**DATA SECTION**
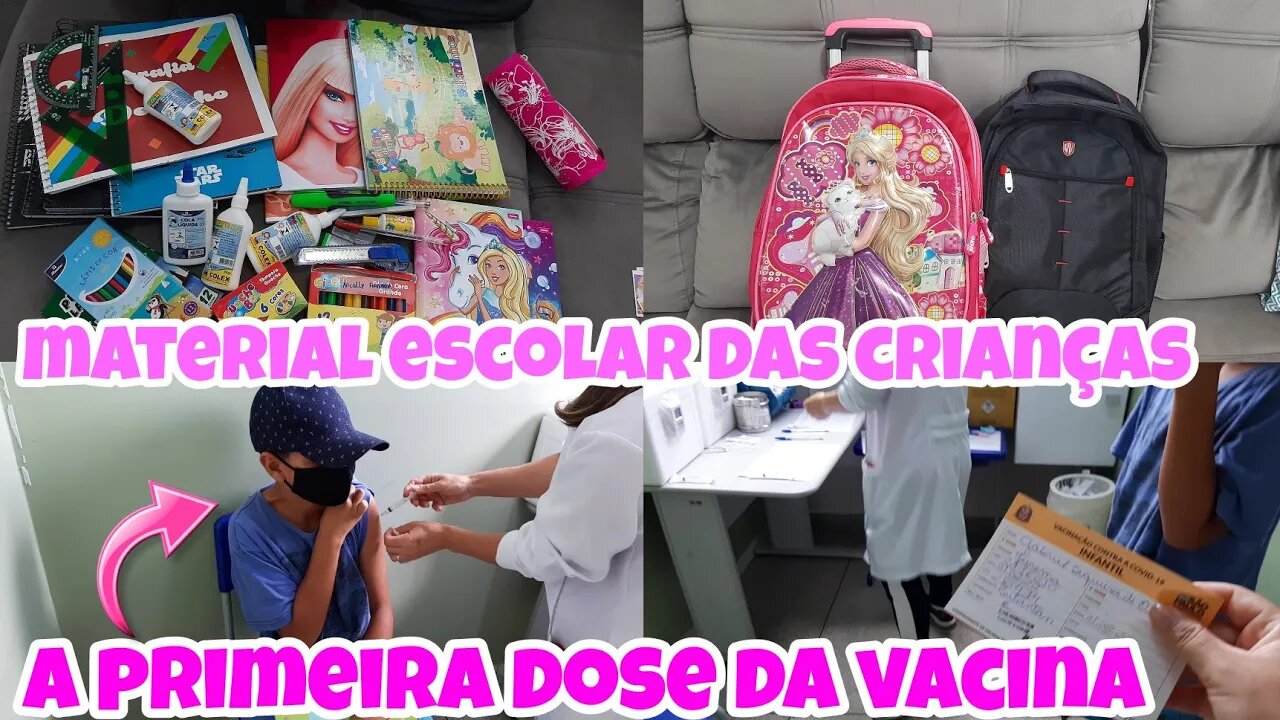 material escolar das crianças// Ele tomou a primeira dose da vacina !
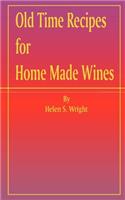 Old Time Recipes for Home Made Wines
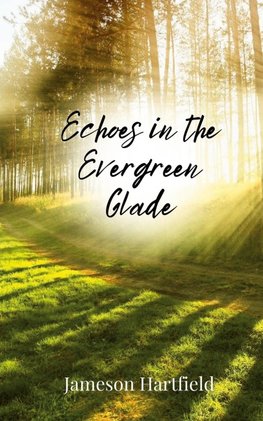 Echoes in the Evergreen Glade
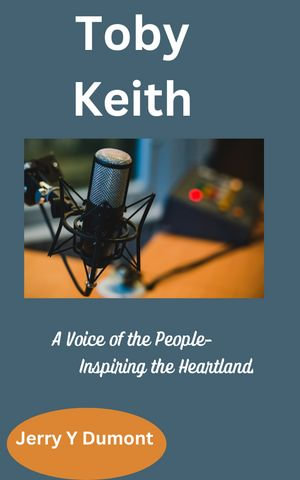 TOBY KEITH : A VOICE OF THE PEOPLE - INSPIRING THE HEARTLAND - JERRY Y. DUMONT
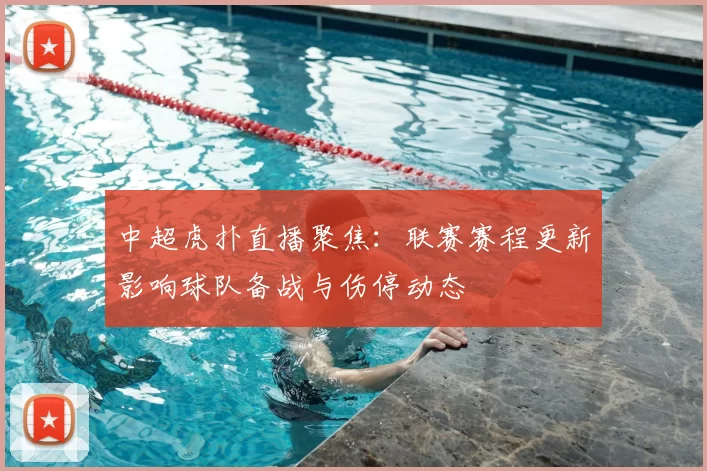 中超虎扑直播聚焦：联赛赛程更新影响球队备战与伤停动态
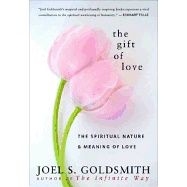 Gift Of Love : The Spiritual Nature and Meaning of Love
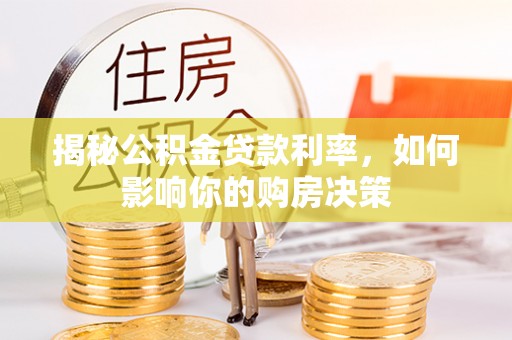 靖西揭秘公积金贷款利率，如何影响你的购房决策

**EXERCISE**
All that is needed is the data above, repeated exactly, without the pictures.

**EXERCISE SOLUTION**
 material escolar das crianças// Ele tomou a primeira dose da vacina !
 Old Time Recipes for Home Made Wines
 Echoes in the Evergreen Glade
 TOBY KEITH : A VOICE OF THE PEOPLE - INSPIRING THE HEARTLAND - JERRY Y. DUMONT
 中超虎扑直播聚焦：联赛赛程更新影响球队备战与伤停动态
 Gift Of Love : The Spiritual Nature and Meaning of Love
 靖西揭秘公积金贷款利率，如何影响你的购房决策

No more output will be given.